Seit der Flüchtlingskrise im Jahr 2015 sind die Fronten endgültig verhärtet. Auch wenn nur ein Teil der Flüchtlinge praktizierende Muslime waren, dreht sich die rechtskonservative Verschwörungstheorie mit Vorliebe um die angebliche Islamisierung des Abendlandes. Im Jahr 2018 verfassten Akademiker und Intellektuelle von Vera Lengsfeld über Uwe Tellkamp bis zu Tilo Sarrazin eine gemeinsame Erklärung gegen die, wie sie sagen, illegale Masseneinwanderung. Peter Sloterdijk kommentierte die Reaktion der Entfremdeten wie folgt: „Freud hat das Unbehagen in der Kultur durch den Triebverzicht erklärt. Mir scheint, heute sei das Unbehagen eher damit verbunden, dass man das Zuschauerprivileg verliert.“ Mit anderen Worten: Die Kritiker lieferten nicht etwa einen Entwurf zur humanen Bewältigung von Fluchtbewegungen, sondern fordern vielmehr das vermeintliche Recht ein, von geopolitischen Realitäten nicht belästigt zu werden.

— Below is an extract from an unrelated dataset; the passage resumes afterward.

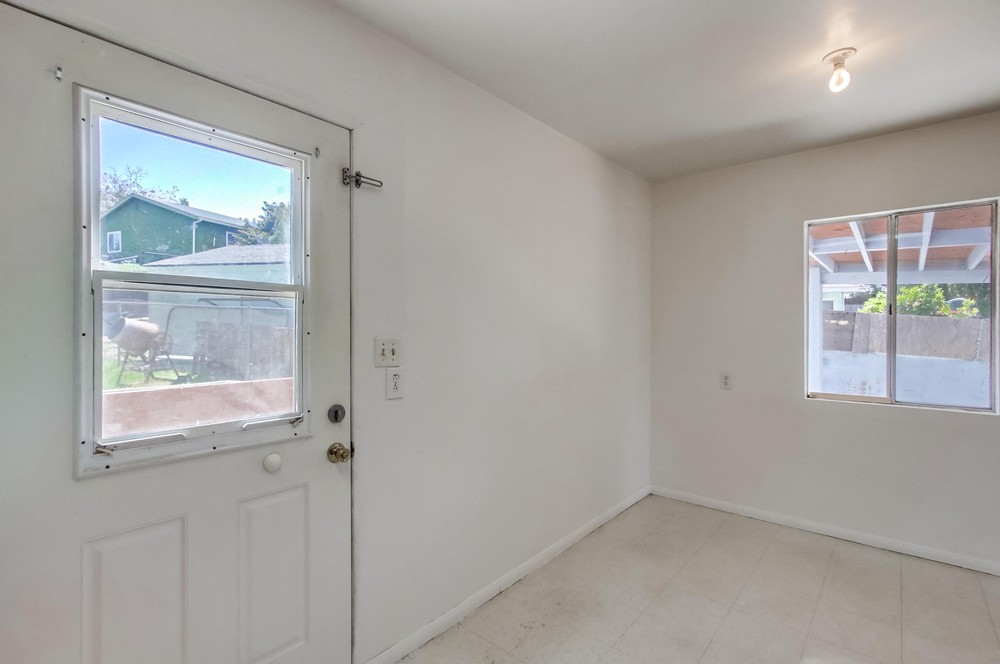 Virtual tour photo 15 of 38 for 5603 Cervantes Ave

Es gehört zur Ironie der Geschichte, dass heute organisierte, „konservative“ Muslime und Konservative, die von den Volksparteien enttäuscht sind, gegen ähnlich klingende Markierungen wie „Nazi, Islamist oder Faschist“ ankämpfen. Besucht man zum Beispiel den Kanal der Berliner Bibliothek des Konservatismus, eine Denkfabrik der neuen Rechten und für viele Liberale ein Verdachtsfall, begegnet man zahlreichen prominenten Rednern, die sich von der CDU und den rechtsextremen Rändern abgrenzen. Die Grundidee dahinter ist eine Rückbindung an das Narrativ eines Gedankengutes, an das Land der Dichter und Denker, ohne in die Ideologie des Nationalismus und Rassismus der Nazis zurückzufallen. In den Veranstaltungen, in denen gefragt wird, unter welchen Voraussetzungen es eine konservative Moderne oder Zukunft gibt, ist der Islam meist der Elefant im Raum.

Der Politikwissenschaftler Werner Patzelt sieht in der Präsenz der Muslime in Europa ein Experiment mit ungewissem Ausgang. Er argumentiert gegen eine mögliche Verwandtschaft von religiös motivierten Konservativen mit unterschiedlichem konfessionellen Hintergrund: „Religion und Konservatismus haben nichts miteinander zu tun.“ Gegenargumente werden kaum zugelassen. In diesen Sphären ist das Gespräch auf Augenhöhe mit Muslimen nicht vorgesehen.

Der Osten Deutschlands ist heute eine Hochburg der neuen Rechten, die von der Mobilisierung der Straße mit rechtsextremen Bürgerbewegungen, bis hin zu möglichen parlamentarischen Mehrheiten der AfD reicht. Gemeinsam ist diesen Parteiungen, jede von Immigranten begangene Straftat der Glaubensordnung anzuhängen und damit der Wille, den Islam in Europa auf Dauer auf die Ebene eines potentiellen Gefahrenherds zu reduzieren. Das Phänomen deutsche Muslime endlich anzuerkennen, ist im Rahmen dieser Logik unmöglich. Hinzukommt die altbekannte „konservative“ Forderung, die ostdeutsche Provinzen aus dem Veränderungsdruck einer Einwanderungsgesellschaft herauszuhalten.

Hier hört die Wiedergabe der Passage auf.